▸ **Data to use**:
+ + + + +

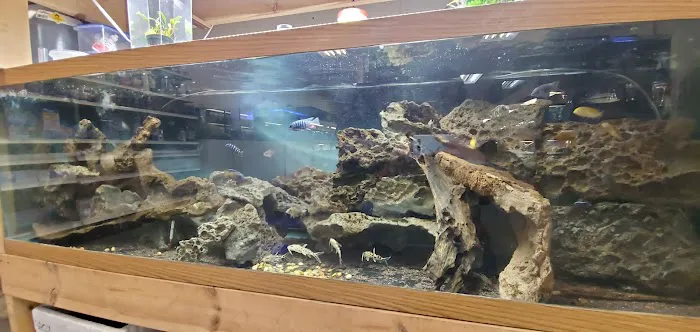 Quality Aquatics Pet Shop Picture 3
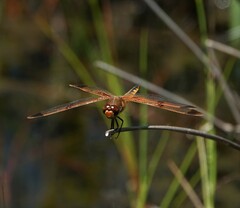 Libellula semifasciata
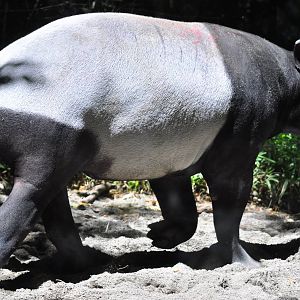 Malayan Tapir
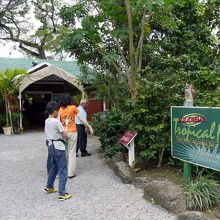 マカダミアナッツ ファーム アウトレット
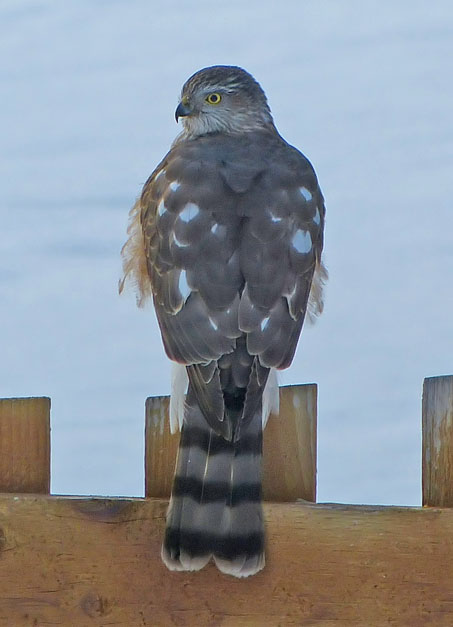 Sharp-shinned Hawk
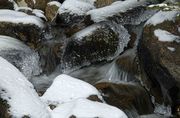 Sweeney Creek Icy Cascade. Photo by Dave Bell.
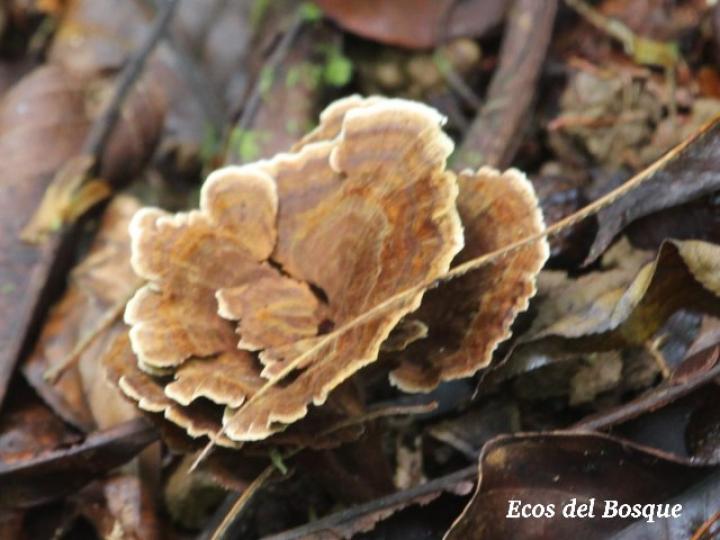Trametes versicolor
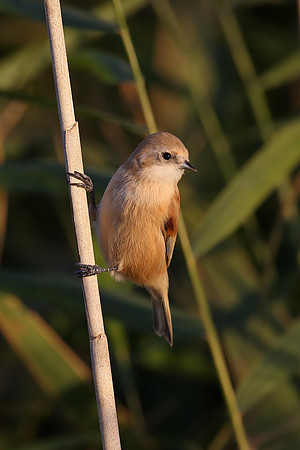 Penduline Tit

+ + + + +

▸ **Exercise brief**:
When you reach the line containing "マカダミアナッツ ファーム アウトレット" in the records above, write out that line and every line after it through the end, exactly, but omit the pictures.

▸ **Response for this exercise**:
 マカダミアナッツ ファーム アウトレット
 Sharp-shinned Hawk
 Sweeney Creek Icy Cascade. Photo by Dave Bell.
Trametes versicolor
 Penduline Tit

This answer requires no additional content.